One of the halakhot (Jewish laws) of lighting the Menorah is that the Hanukkah lights should have no practical use whatsoever. This practice, which has its roots in the customs surrounding the Temple menorah, stands in contrast to the Sabbath candles, from which we are encouraged to benefit and enjoy ourselves. The “Hanerot Hallalu” chant traditionally sung each evening immediately following candle-lighting reminds of the Hanukkah-specific rule: “אין לנו רשות להשתמש בהם אלא לראותם בלבד” – “We are not permitted to make ordinary use of them, only to gaze at them.”

In another Hanukkah piece, Reznikoff refashions this halakhic statement into a short poem that captures the essence of the holiday for him:

In a world where each man must be of use
and each thing useful, the rebellious Jews
light not one light but eight—
not to see by but to look at.

For Reznikoff, the unique innovation of the Jews is a philosophy in which things, and more importantly people, can transcend their instrumental purposes. “Looking” here is not just an aesthetic stance, it is an ethical affirmation of the inherent value of something or someone apart from its utility or benefit to society. This could be simultaneously be imagined as a slogan of the objectivist poetry movement as well. As a fellow poet and friend Harvey Shapiro said about Reznikoff, “in the care and precision of his lines, people and objects maintain their own lives. This is a moral point, and Reznikoff is a moral poet.”

In Rabbinic texts, Hanukkah is often emphasized as a holiday of sight. The halakhic obligation of lighting the Hanukkah menorah is split into two parts: lighting and seeing. The Talmud in the tractate of Shabbat (23a) says that one who simply sees the Hanukkah lights but lacked the opportunity to light him or herself may say the blessing “שעשה ניסים לאבותינו” – “who performed miracles for our ancestors.” Elsewhere, the commentary of Tosafot points out that there is no such parallel in any other holiday – there is no blessing to say upon simply seeing a lulav or sukkah.

Another potential example of the connection between sight and Hannukah is the midrash in Genesis Rabbah that discusses the various exiles the Jewish people experience(d) throughout their history. The Greek exile is associated here with a period of “חשכה גדלה ” -“great darkness.” It is surprising that this midrash uses darkness, of all metaphors, to apply to a culture like that of Greece with all of its artistic and technological prowess. The Hanukkah Menorah then, symbolizes clarity and light which punctures through this darkness. One might imagine sight to be a category that prioritizes the physical material world. Yet for the midrash, and for the objectivists, “sight” speaks to something deeper.
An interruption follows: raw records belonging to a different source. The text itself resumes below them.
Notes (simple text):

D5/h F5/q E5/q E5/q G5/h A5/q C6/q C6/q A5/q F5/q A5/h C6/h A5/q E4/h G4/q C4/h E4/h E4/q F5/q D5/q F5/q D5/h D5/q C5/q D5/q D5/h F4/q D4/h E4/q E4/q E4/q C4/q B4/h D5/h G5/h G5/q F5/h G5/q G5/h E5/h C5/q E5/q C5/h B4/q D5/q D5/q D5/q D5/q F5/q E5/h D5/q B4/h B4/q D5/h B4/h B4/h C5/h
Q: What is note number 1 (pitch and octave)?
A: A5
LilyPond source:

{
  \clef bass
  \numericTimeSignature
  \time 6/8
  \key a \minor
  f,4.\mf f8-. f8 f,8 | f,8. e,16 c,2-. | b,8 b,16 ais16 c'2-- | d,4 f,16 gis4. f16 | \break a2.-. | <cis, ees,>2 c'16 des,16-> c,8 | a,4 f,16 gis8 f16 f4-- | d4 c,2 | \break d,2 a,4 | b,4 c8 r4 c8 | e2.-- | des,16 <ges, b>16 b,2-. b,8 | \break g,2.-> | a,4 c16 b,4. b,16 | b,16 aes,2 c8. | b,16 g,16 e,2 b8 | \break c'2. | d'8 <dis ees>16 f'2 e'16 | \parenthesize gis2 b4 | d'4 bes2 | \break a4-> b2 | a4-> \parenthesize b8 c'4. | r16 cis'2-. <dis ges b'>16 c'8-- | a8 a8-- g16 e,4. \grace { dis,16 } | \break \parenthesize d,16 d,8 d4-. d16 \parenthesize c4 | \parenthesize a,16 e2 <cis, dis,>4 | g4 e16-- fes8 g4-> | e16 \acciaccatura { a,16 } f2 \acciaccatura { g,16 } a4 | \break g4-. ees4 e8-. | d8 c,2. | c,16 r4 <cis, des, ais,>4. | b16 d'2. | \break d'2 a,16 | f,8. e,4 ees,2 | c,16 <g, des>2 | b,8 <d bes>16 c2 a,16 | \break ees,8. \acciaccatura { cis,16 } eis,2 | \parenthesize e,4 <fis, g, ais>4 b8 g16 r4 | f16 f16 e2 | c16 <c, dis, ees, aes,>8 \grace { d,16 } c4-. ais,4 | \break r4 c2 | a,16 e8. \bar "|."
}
One collection of Reznikoff’s poems is titled “By the Well of Living and Seeing,” which is a reference the well of “Lahai-roi” that is mentioned in Genesis 24:62. For Reznikoff, as a poet and as a Jew, truly seeing the world is not merely a natural process, it is a noble life pursuit that requires great discipline and cultivation. Hanukkah offers a paradigm for him to refine his sight and clarify his life objectives. As Reznikoff puts it:

The miracle, of course, was not that the oil for the sacred light –
in a little cruse – lasted as long as they say;
but that the courage of the Maccabees lasted to this day:
let that nourish my flickering spirit

(from “Meditations on the Fall and Winter Holidays”)

Afterthewar
After the War (Yad Vashem Photo Archive)

 

 

7 thoughts on ““Not to See By but to Look At”: Hanukkah and the Objectivists

  1. Ranen Omer-Sherman

    I greatly enjoyed your engaging and beautifully written take on these poets, especially Rezi! If you have not yet read other scholarship about him, I would modestly encourage you to read my discussion of him in Diaspora & Zionism in Jewish American Literature (http://bir.brandeis.edu/handle/10192/26610), and also Stephen Fredman’s marvelous study, A Menorah for Athena (http://press.uchicago.edu/ucp/books/book/chicago/M/bo3635875.html).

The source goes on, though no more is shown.